Reproduce, from the lines below, exactly the stretch that begins at the line containing "Pop Street Graffiti" and ends at the line containing "Cupcake Liners Garland", both included.

(Crawled caption data)
^^^^^^^^

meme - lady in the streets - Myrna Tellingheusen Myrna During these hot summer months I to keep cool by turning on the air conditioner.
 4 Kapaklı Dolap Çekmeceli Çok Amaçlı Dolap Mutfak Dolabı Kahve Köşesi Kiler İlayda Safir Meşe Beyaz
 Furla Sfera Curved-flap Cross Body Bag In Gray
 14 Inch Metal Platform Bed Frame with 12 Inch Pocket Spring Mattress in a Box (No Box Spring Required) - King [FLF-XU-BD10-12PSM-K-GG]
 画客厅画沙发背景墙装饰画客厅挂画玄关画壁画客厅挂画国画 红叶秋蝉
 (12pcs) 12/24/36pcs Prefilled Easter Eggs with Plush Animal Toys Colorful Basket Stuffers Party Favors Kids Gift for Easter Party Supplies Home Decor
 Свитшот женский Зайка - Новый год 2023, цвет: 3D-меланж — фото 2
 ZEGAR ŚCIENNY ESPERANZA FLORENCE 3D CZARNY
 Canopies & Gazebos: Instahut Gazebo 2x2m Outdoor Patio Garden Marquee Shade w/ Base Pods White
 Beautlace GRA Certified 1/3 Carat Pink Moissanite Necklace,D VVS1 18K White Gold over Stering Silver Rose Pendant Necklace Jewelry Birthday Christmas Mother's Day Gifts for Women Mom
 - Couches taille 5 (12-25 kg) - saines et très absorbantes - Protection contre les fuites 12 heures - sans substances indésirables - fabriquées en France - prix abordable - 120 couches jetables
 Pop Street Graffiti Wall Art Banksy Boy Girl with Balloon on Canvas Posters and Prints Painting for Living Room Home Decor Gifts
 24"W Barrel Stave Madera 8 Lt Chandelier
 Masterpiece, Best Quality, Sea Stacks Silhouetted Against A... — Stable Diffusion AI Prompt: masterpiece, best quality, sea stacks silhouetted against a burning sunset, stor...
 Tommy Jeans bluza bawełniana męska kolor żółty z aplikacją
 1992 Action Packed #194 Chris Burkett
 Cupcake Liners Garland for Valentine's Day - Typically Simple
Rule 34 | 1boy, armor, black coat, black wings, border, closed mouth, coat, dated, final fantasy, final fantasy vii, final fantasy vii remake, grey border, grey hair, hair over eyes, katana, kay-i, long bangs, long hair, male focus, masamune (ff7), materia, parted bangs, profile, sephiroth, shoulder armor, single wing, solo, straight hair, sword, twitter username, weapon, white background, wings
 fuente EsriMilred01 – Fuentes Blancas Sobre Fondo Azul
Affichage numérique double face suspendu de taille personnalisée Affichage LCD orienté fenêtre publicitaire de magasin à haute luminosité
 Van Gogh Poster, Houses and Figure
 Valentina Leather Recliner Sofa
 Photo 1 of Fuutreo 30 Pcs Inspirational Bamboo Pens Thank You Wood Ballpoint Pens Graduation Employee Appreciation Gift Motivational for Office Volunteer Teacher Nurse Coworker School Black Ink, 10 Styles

^^^^^^^^

→ **Written answer**
 Pop Street Graffiti Wall Art Banksy Boy Girl with Balloon on Canvas Posters and Prints Painting for Living Room Home Decor Gifts
 24"W Barrel Stave Madera 8 Lt Chandelier
 Masterpiece, Best Quality, Sea Stacks Silhouetted Against A... — Stable Diffusion AI Prompt: masterpiece, best quality, sea stacks silhouetted against a burning sunset, stor...
 Tommy Jeans bluza bawełniana męska kolor żółty z aplikacją
 1992 Action Packed #194 Chris Burkett
 Cupcake Liners Garland for Valentine's Day - Typically Simple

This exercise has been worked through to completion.